The @nested_loops testcase at the end of
test/Analysis/BlockFrequencyAnalysis/basic.ll is motivating. This
function has three nested loops, with branch weights in the loop headers
of 1:4000 (exit:continue). The old analysis gives nonsense:

Printing analysis 'Block Frequency Analysis' for function 'nested_loops':
---- Block Freqs ----
 entry = 1.0
 for.cond1.preheader = 1.00103
 for.cond4.preheader = 5.5222
 for.body6 = 18095.19995
 for.inc8 = 4.52264
 for.inc11 = 0.00109
 for.end13 = 0.0

The new analysis gives correct results:

Printing analysis 'Block Frequency Analysis' for function 'nested_loops':
block-frequency-info: nested_loops
 - entry: float = 1.0, int = 8
 - for.cond1.preheader: float = 4001.0, int = 32007
 - for.cond4.preheader: float = 16008001.0, int = 128064007
 - for.body6: float = 64048012001.0, int = 512384096007
 - for.inc8: float = 16008001.0, int = 128064007
 - for.inc11: float = 4001.0, int = 32007
 - for.end13: float = 1.0, int = 8

The new algorithm leverages BlockMass and PositiveFloat to maintain
precision, separates "probability mass distribution" from "loop
scaling", and uses dithering to eliminate probability mass loss.

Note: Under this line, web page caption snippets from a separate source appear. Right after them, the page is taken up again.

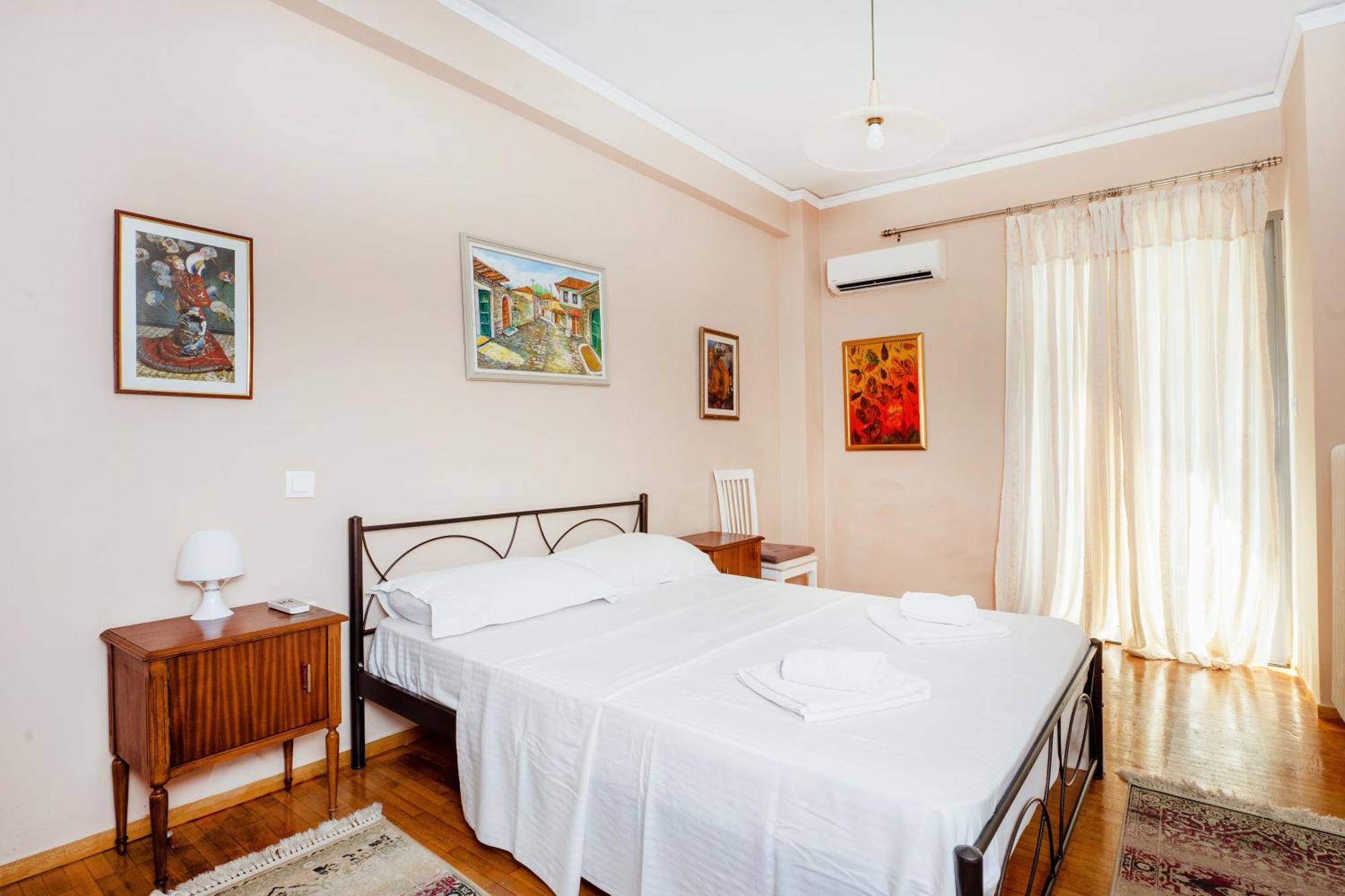 Charming & Authentic Gem - Walk To Port & Shops! Διαμέρισμα Πάτρα Εξωτερικό φωτογραφία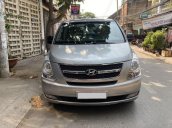 Cần bán Hyundai Starex đời 2016, màu xám số sàn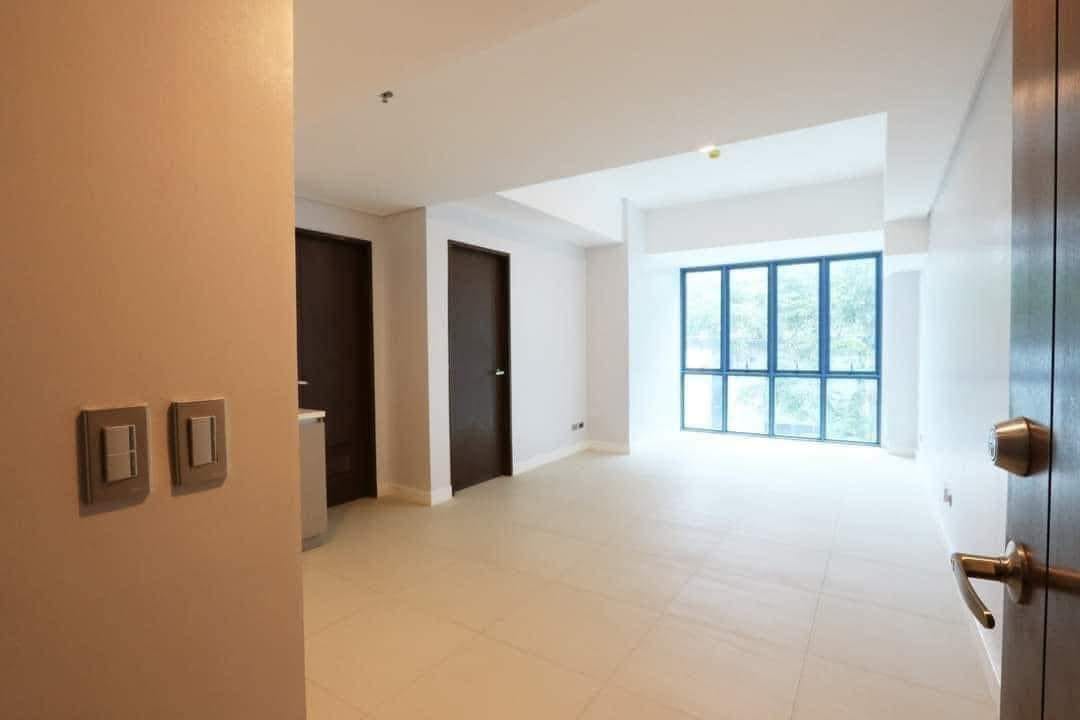For Assume 1 Bedroom Unit Ready for Occupancy - photo 6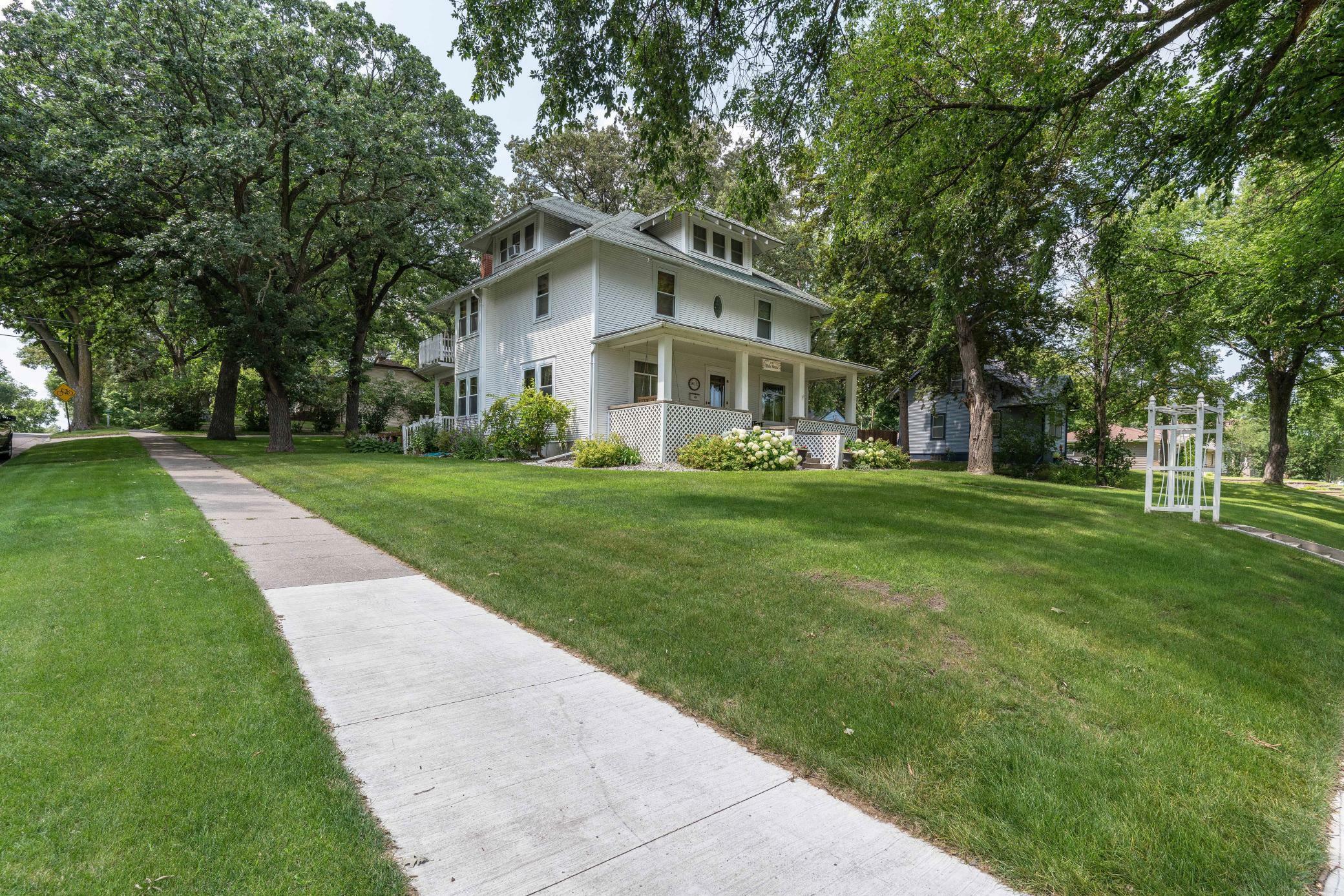 Property Photo: 901 N Union Avenue MN 56537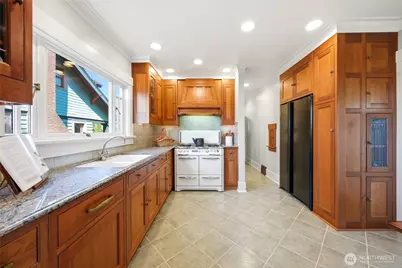 1519 1st Avenue N, Seattle, WA 98109 - Photo 13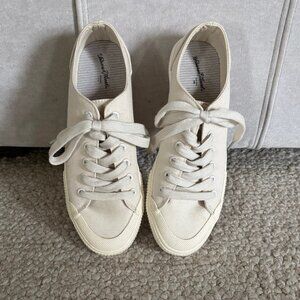 NWOT Universal Thread Sneakers Size: 8 Color: Cream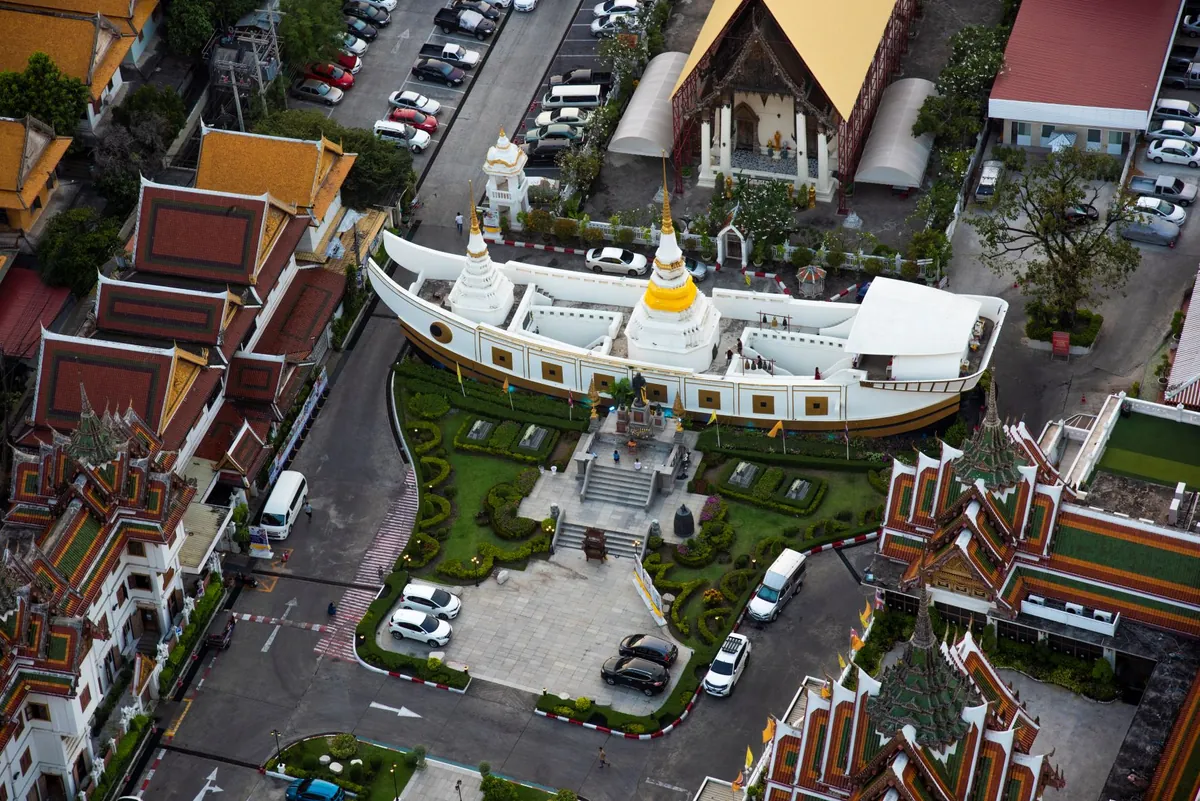 Wat Yan Nawa — photo 2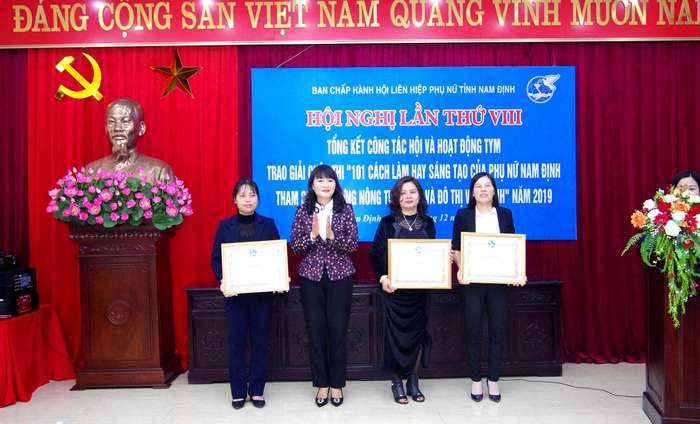 Chủ tịch Hội LHPN tỉnh Nam Định Nguyễn Thị Hà trao bằng khen cho các tập thể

Additionally, the new algorithm has a complexity advantage over the old.
The previous algorithm was quadratic in the worst case. The new
algorithm is still worst-case quadratic in the presence of irreducible
control flow, but it's linear otherwise.

The key difference between the old algorithm and the new is that control
flow within a loop is evaluated separately from control flow outside,
limiting propagation of precision problems and allowing loop scale to be
calculated independently of mass distribution. Loops are visited
bottom-up, their loop scales are calculated, and they are replaced by
pseudo-nodes. Mass is then distributed through the function, which is
now a DAG. Finally, loops are revisited top-down to multiply through
the loop scales and the masses distributed to pseudo nodes.

There are some remaining flaws.

  • Irreducible control flow isn't ignored, but it also isn't modelled correctly. Nevertheless, the new algorithm should behave better than the old algorithm (at least it evaluates irreducible edges), but mileage may vary.
  • Loop scale is limited to 4096 per loop (2^12) to avoid exhausting the 64-bit integer precision used downstream. If downstream users of BlockFrequencyInfo are updated to use PositiveFloat (instead of BlockFrequency), this limitation can be removed. It's not clear if that's practical.
  • BlockFrequencyInfo does *not* leverage LoopInfo/MachineLoopInfo and Loop/MachineLoop. These are currently unsuitable because they use quadratic storage and don't have the API needed to make this algorithm efficient. I looked into updating them, but downstream users rely on the current API.
  • The "bias" calculation proposed recently on llvmdev is *not* incorporated here. A separate patch (0007) takes a stab at that; I’ll post it to llvmdev soon.

I ran through the LNT benchmarks; there was some movement in both
directions.

Diff Detail

Event Timeline

dexonsmith abandoned this revision.Apr 19 2017, 7:08 PM

This was committed in some form a long time ago.